La rencontre lundi matin avec le président Emmanuel Macron constituera le moment fort de la visite, près de deux ans après leur tête-à-tête au Caire, au cours duquel les deux chefs d’Etat avaient assumé leurs divergences sur les droits humains.
Le 27 janvier 2019, le Français avait regretté que la situation n’évolue pas « dans la bonne direction » en Egypte : des « blogueurs, des journalistes et des activistes » y sont emprisonnés. « N’oubliez pas que nous sommes dans une région troublée », lui avait alors répondu Abdel Fattah Al-Sissi, à la tête du pays depuis 2014 à la suite de la destitution par l’armée du président islamiste Mohamed Morsi.
« On est stupéfait que la France déroule le tapis rouge »
M. Macron ne manquera pas d’aborder de nouveau cette question, a d’ores et déjà assuré l’Elysée. Les défenseurs des droits humains réclament, eux, des gestes forts. Ils exhortent Paris à « passe[r] des discours aux actes », notamment en conditionnant son soutien militaire à la libération des prisonniers politiques. Avec 1,4 milliard d’euros en 2017, la France devance, désormais, les Etats-Unis pour les ventes d’armes à l’Egypte.
« On est stupéfait que la France déroule le tapis rouge à un dictateur alors qu’il y a plus de 60 000 détenus d’opinion aujourd’hui en Egypte », a ainsi déclaré à l’Agence France-Presse Antoine Madelin, un des responsables de la Fédération internationale des droits humains.
Une vingtaine d’organisations non gouvernementales, dont cette dernière, ont appelé à une manifestation, mardi à 18 heures devant l’Assemblée nationale, à Paris, pour dénoncer « le partenariat stratégique » entre la France et l’Egypte au nom de la lutte antiterroriste. Pour ces ONG, Le Caire « se sert abusivement de la législation antiterroriste pour éradiquer le travail légitime en faveur des droits humains et supprimer toute dissidence pacifique ».
La rencontre entre MM. Macron et Sissi s’annonce toutefois sous de meilleurs auspices après la remise en liberté, jeudi 3 décembre, de trois dirigeants d’une organisation de défense des droits humains, l’Initiative égyptienne pour les droits personnels, dont les arrestations en novembre avaient suscité l’indignation de la France et de nombreux pays.

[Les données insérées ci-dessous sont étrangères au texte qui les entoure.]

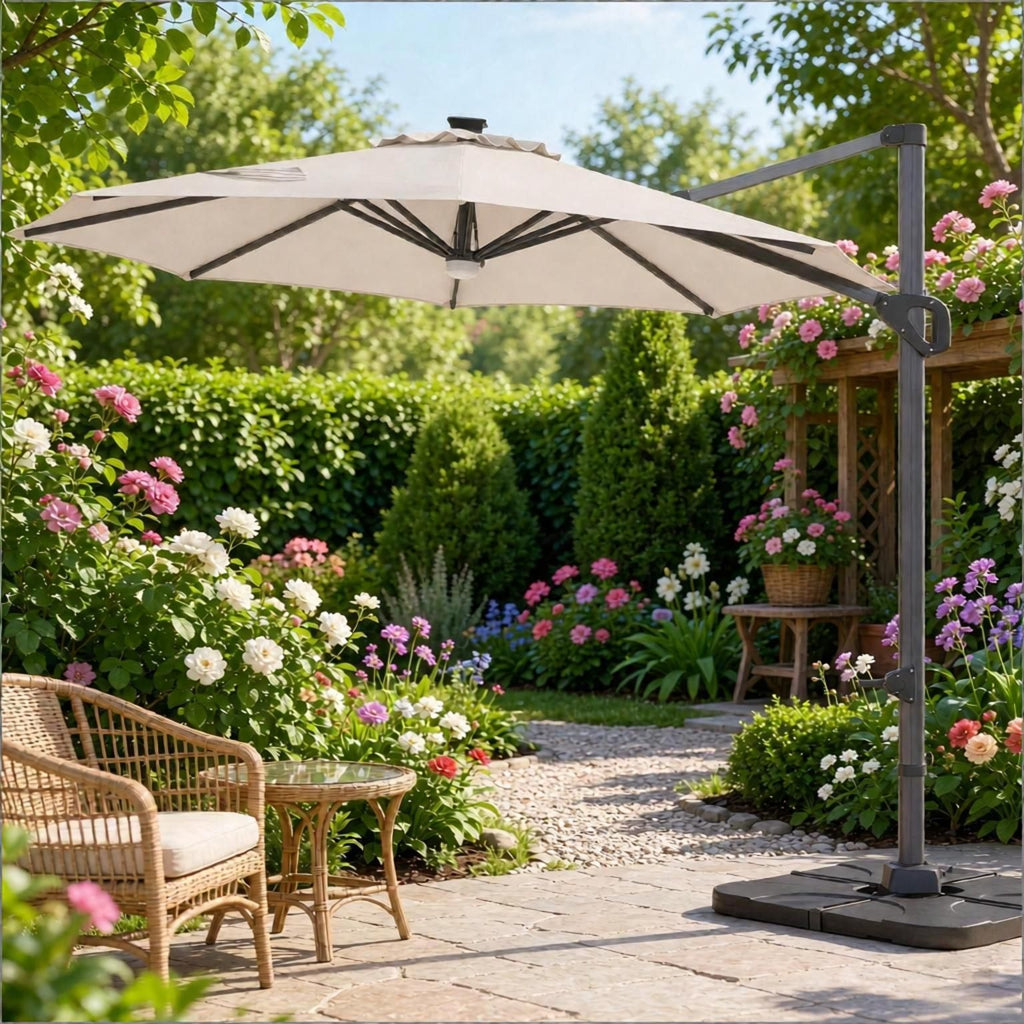 10 FT Outdoor Cantilever Patio Umbrella with 35 Solar LED Lights And Heavy 220 LBS Base for Extended Sunshade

Coopération sur les grands enjeux de sécurité régionale
La visite d’Etat s’ouvrira sur une cérémonie officielle d’accueil, lundi, aux Invalides, suivie de l’entretien avec le président Macron à l’Elysée et d’un point-presse. Abdel Fattah Al-Sissi rencontrera ensuite le président de l’Assemblée nationale, Richard Ferrand, et la maire de Paris, Anne Hidalgo, avant un dîner à l’Elysée.
Mardi, il se rendra à l’Arc de triomphe pour un dépôt de gerbe sur la tombe du Soldat inconnu, avant notamment une rencontre avec le premier ministre, Jean Castex, et le président du Sénat, Gérard Larcher.
Les deux chefs d’Etat feront aussi le point de leur coopération sur les grands enjeux de sécurité régionale, de la lutte contre le terrorisme à la crise libyenne en passant par les rivalités avec la Turquie en Méditerranée orientale.
La France et l’Egypte veulent consolider les « signes positifs » observés en Libye, de l’accord sur un cessez-le-feu permanent à l’instauration d’un dialogue politique interlibyen, souligne Paris, longtemps soupçonné d’avoir soutenu le maréchal Khalifa Haftar, homme fort de l’est du pays, au côté de l’Egypte.